Un alchimista targato New Age:
un esame critico de “L’alchimista” di Paulo Coelho
(lo si sapeva già 16 anni fà)
Di che tesoro, esattamente, si tratta? Qui il romanzo, già debole nella trama, si riduce a un’antologia dei luoghi comuni diffusi nella letteratura del New Age. La nostra vita non dipende dal destino; a ognuno è data la sua Leggenda Personale ma pochi le sono fedeli. Al contrario, “realizzare la propria Leggenda Personale è il solo dovere degli uomini”.Quando ci si mette d’impegno per realizzarla, “tutto l’Universo cospira affinché tu realizzi il tuo desiderio” e ti mette sulla giusta via tramite le “coincidenze”, che sono in realtà segnali. Tutto, infatti, è legato da un filo misterioso di corrispondenze come insegna la Tavola di smeraldo, la sintesi di tutto il sapere esoterico: tutte le cose (dalle pietre ai deserti e alla Terra) hanno un’anima che comunica con l’Anima del Mondo, che tutto governa e nutre. Accedendo all’Anima del Mondo si acquistano poteri straordinari che consentono di realizzare la Leggenda Personale.
Non si può fare a meno di chiudere L’Alchimista con un senso di fastidio. La Terra come essere vivente, le coincidenze che ci guidano, il panteismo dell’Anima del Mondo, la Leggenda Personale come unica etica (e il peccato e la morale come grandi assenti): tutti temi letti e riletti in centinaia di testi neo-esoterici, romanzi e no, che la voga del New Age ha portato a invadere le librerie di tutto il mondo. Sull’onda del successo de La profezia di Celestino di James Redfield è sbarcato in Occidente anche L’Alchimista, testo non recentissimo che rappresentava piuttosto una volgarizzazione dei temi del New Age ad uso delle periferie dell’Impero: dei paesi (come il Brasile in cui è nato) dove questa moda americana è arrivata in ritardo. Dal punto di vista sociologico il successo de L’Alchimista non è irrilevante, e mostra come – nonostante l’obiettivo declino del New Age – una macchina propagandistica internazionale sia ancora in grado di trasformare in best seller le più trite banalità. I comuni lettori hanno invece il diritto di cominciare ad essere stufi.

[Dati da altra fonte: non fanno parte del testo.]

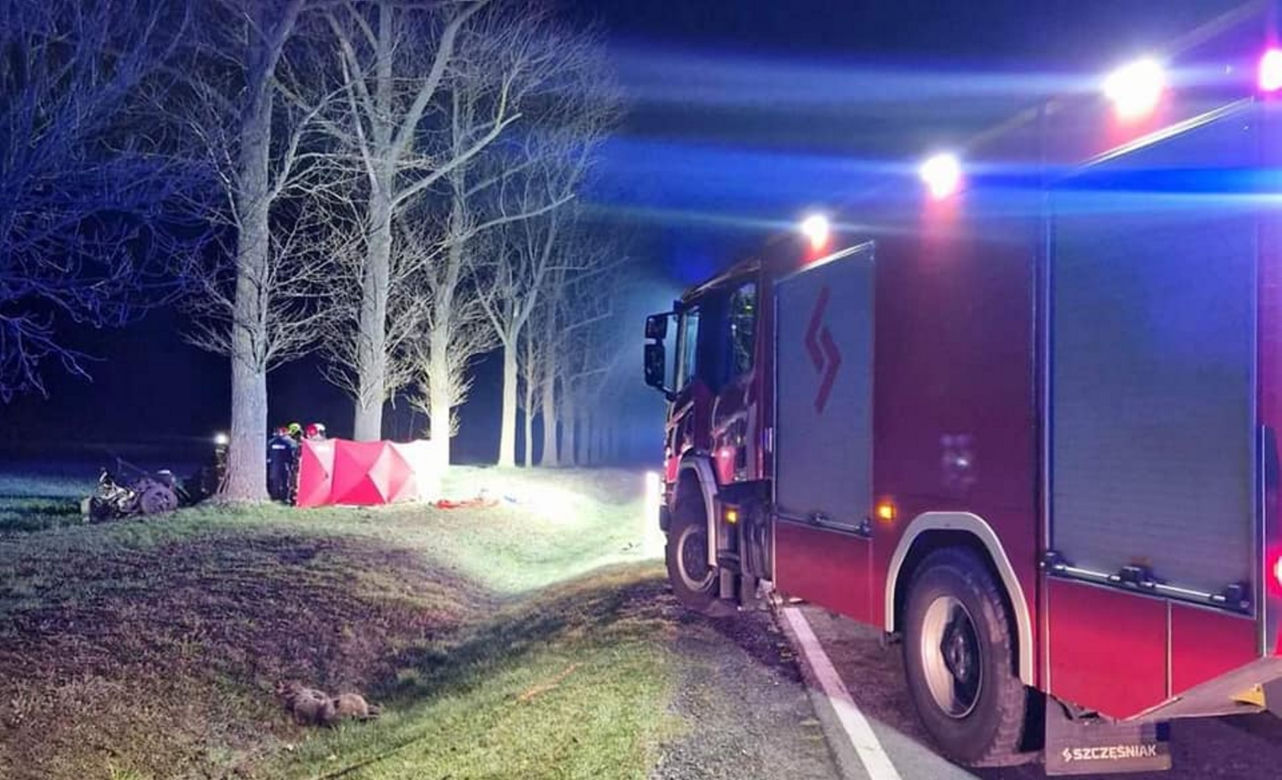 Śmiertelny wypadek pod Skwierzyną! BMW rozpadło się na części po zderzeniu z sarną [ZDJĘCIA]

Stufi non perché la visione del mondo esoterica (che ha una rispettata tradizione letteraria in Occidente, da Blake a Yeats) produca necessariamente cattiva letteratura: fra i romanzi del 1995, per esempio, il Memnoch the Devil di Anne Rice (che certo annuncia una cosmologia esoterica ed eterodossa di sapore gnostico) merita di essere considerato seriamente, e anche tentativi italiani come La trama dell’angelo di Igor Sibaldi si prestano almeno a qualche discussione interessante. Stufi, però, della cattiva letteratura che scala le classifiche dei best seller paludandosi di temi esoterici banalizzati e ridotti a moda dal New Age (né migliore sorte hanno i temi religiosi, come dimostrano sia la letteratura di terz’ordine oggi corrente in tema di angeli sia gli stessi riferimenti evangelici e biblici de L’Alchimista).
Quello di Paulo Coelho non è neppure un romanzo esoterico: è un centone di luoghi comuni neo-esoterici, immersi nello zucchero e nel miele dell’ottimismo obbligatorio nel New Age, al servizio di una grande operazione commerciale internazionale. Non credete alla pubblicità: questo Alchimista non merita di essere preso sul serio.